WORK TASK — Below is a listing with pictures. Repeat exactly the lines starting at the one holding "Jogador de uniforme" and going on through the one holding "A person wearing", and leave every picture out.

RAW DATA —

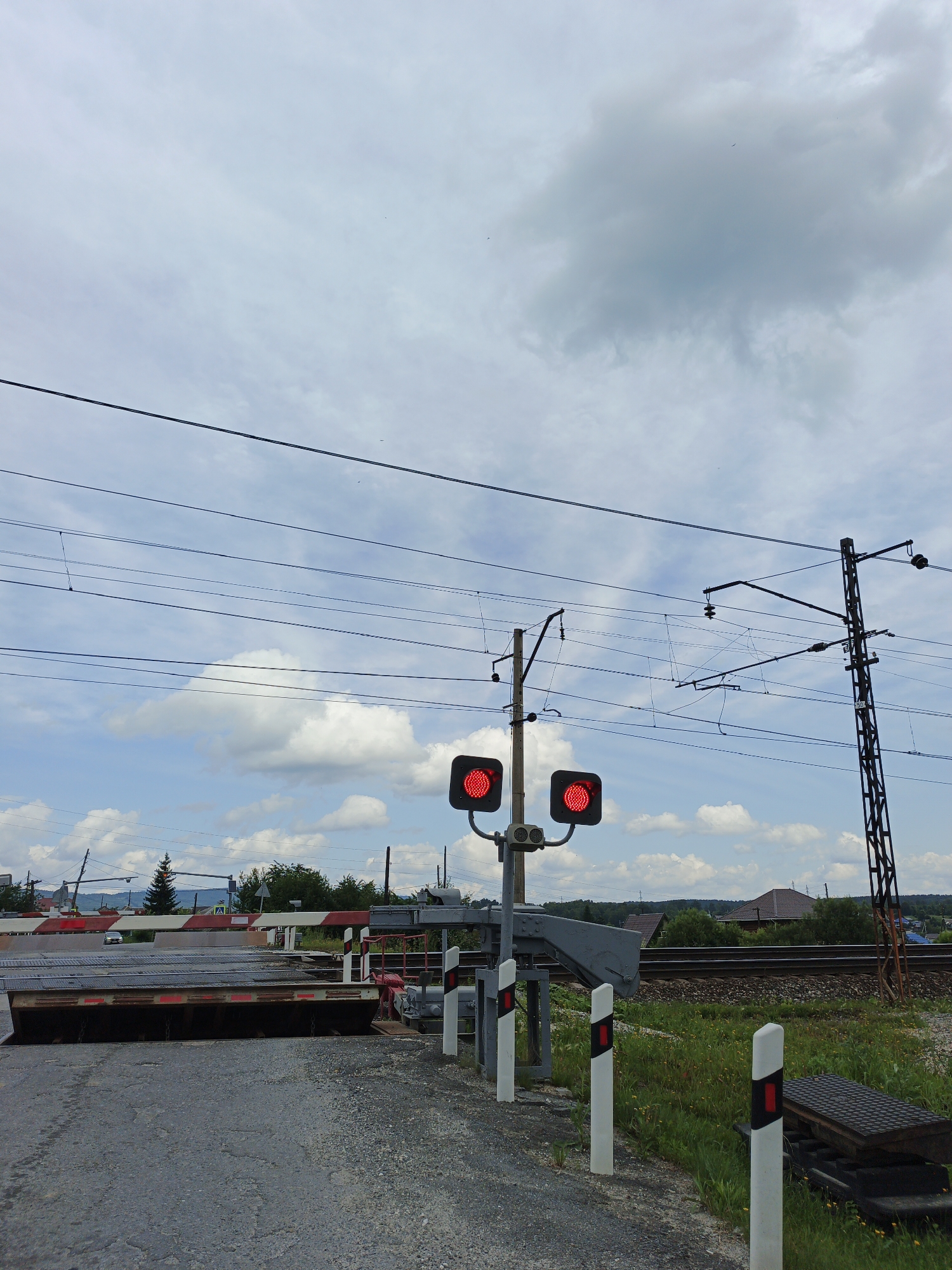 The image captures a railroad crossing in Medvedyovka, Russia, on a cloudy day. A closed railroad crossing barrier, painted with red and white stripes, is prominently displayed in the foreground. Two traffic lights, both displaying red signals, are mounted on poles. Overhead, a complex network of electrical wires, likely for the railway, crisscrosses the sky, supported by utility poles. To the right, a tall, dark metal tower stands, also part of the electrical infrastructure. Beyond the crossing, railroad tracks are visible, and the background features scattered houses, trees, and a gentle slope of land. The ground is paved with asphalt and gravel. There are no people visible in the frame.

--

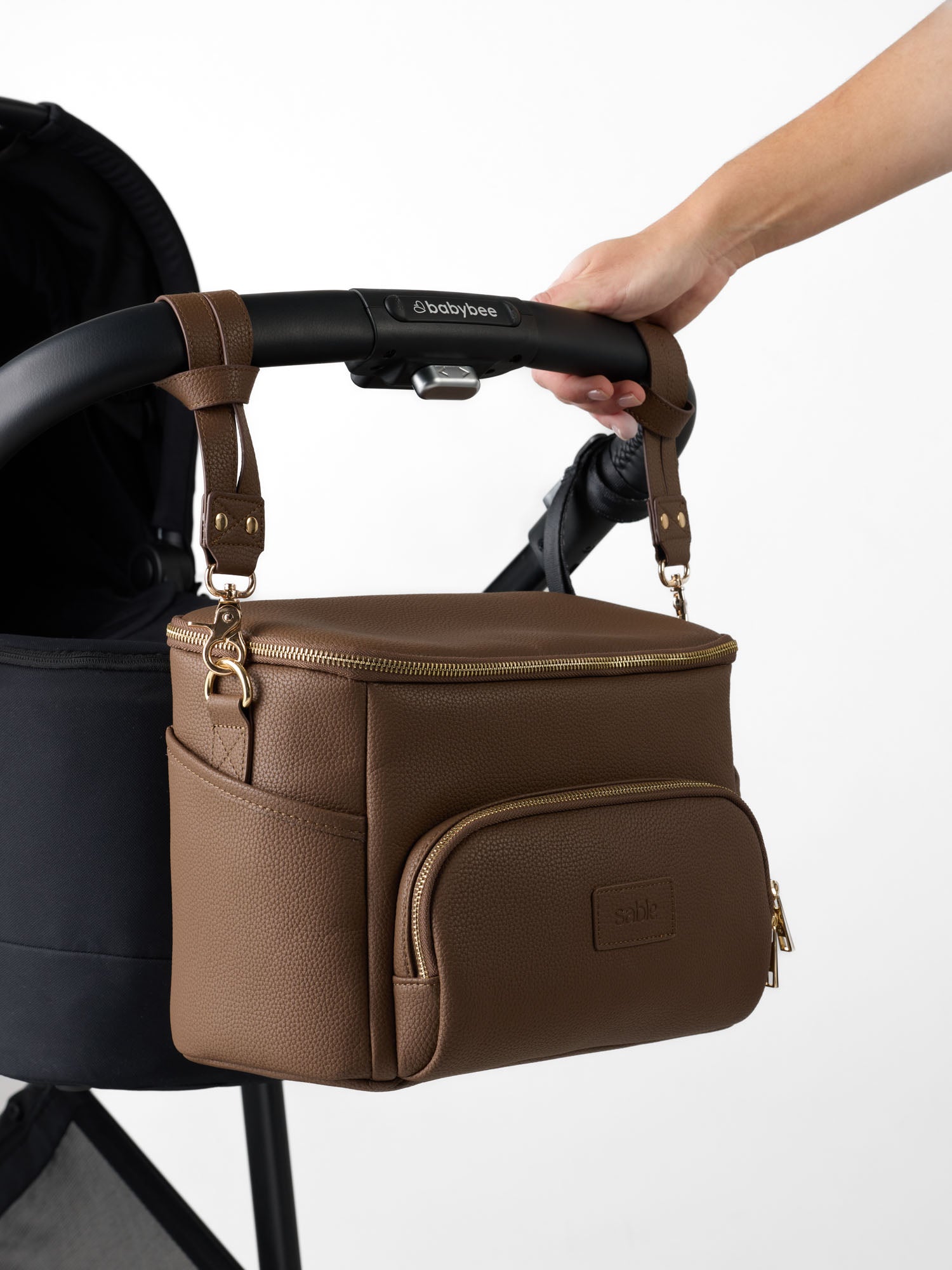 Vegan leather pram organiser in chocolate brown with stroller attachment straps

...

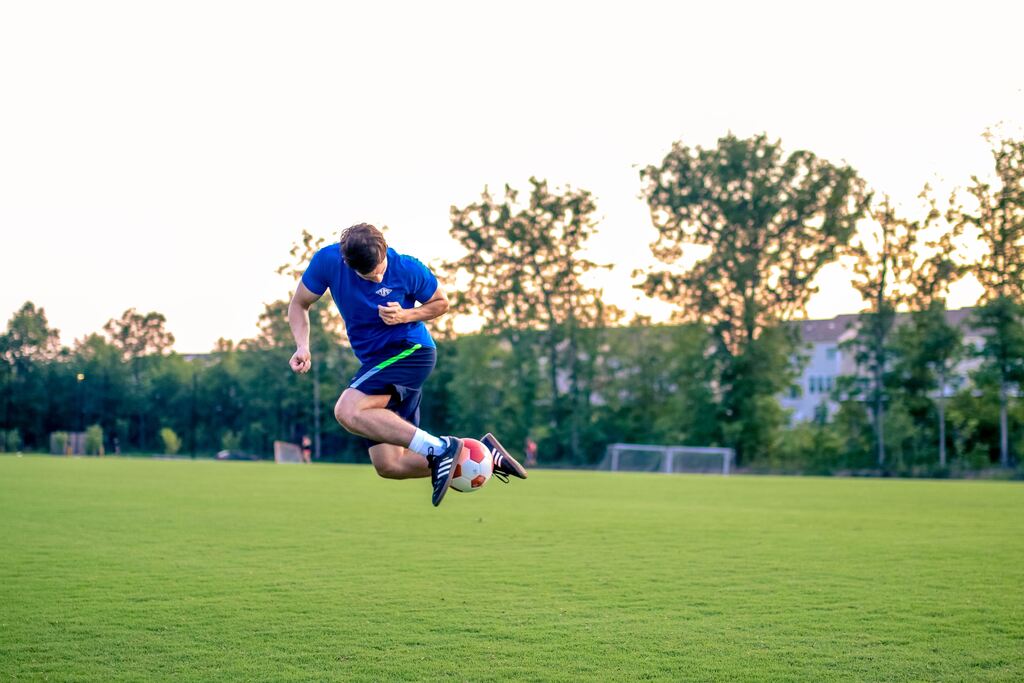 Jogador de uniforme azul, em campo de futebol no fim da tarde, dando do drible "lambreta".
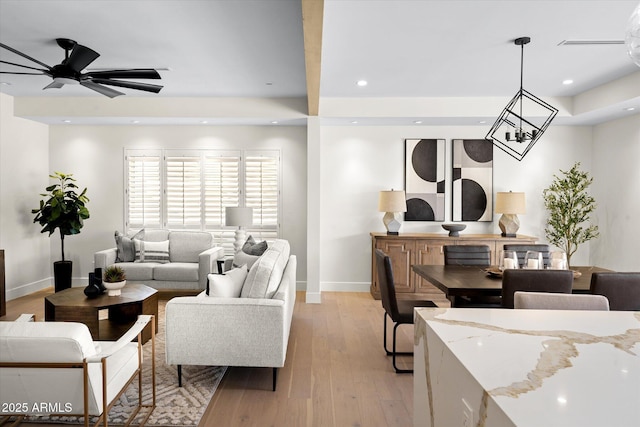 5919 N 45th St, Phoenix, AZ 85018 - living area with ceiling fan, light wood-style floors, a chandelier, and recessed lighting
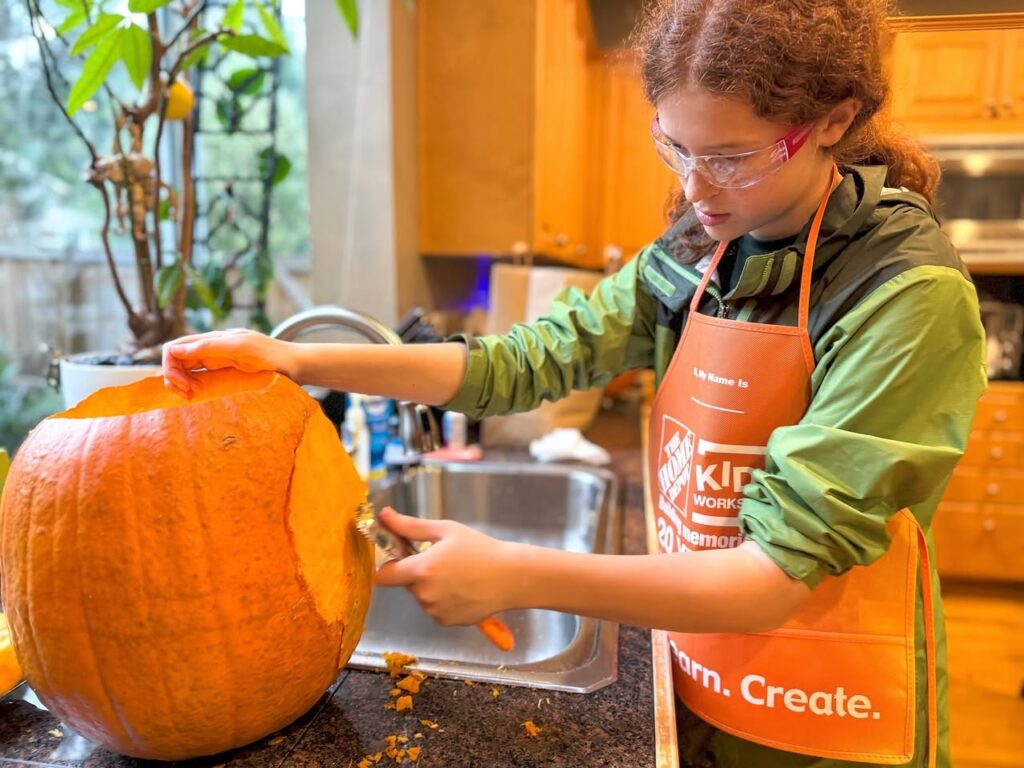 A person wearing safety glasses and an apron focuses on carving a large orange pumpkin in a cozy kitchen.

SOLUTION TO THE EXERCISE —
 Jogador de uniforme azul, em campo de futebol no fim da tarde, dando do drible "lambreta".
 5919 N 45th St, Phoenix, AZ 85018 - living area with ceiling fan, light wood-style floors, a chandelier, and recessed lighting
 A person wearing safety glasses and an apron focuses on carving a large orange pumpkin in a cozy kitchen.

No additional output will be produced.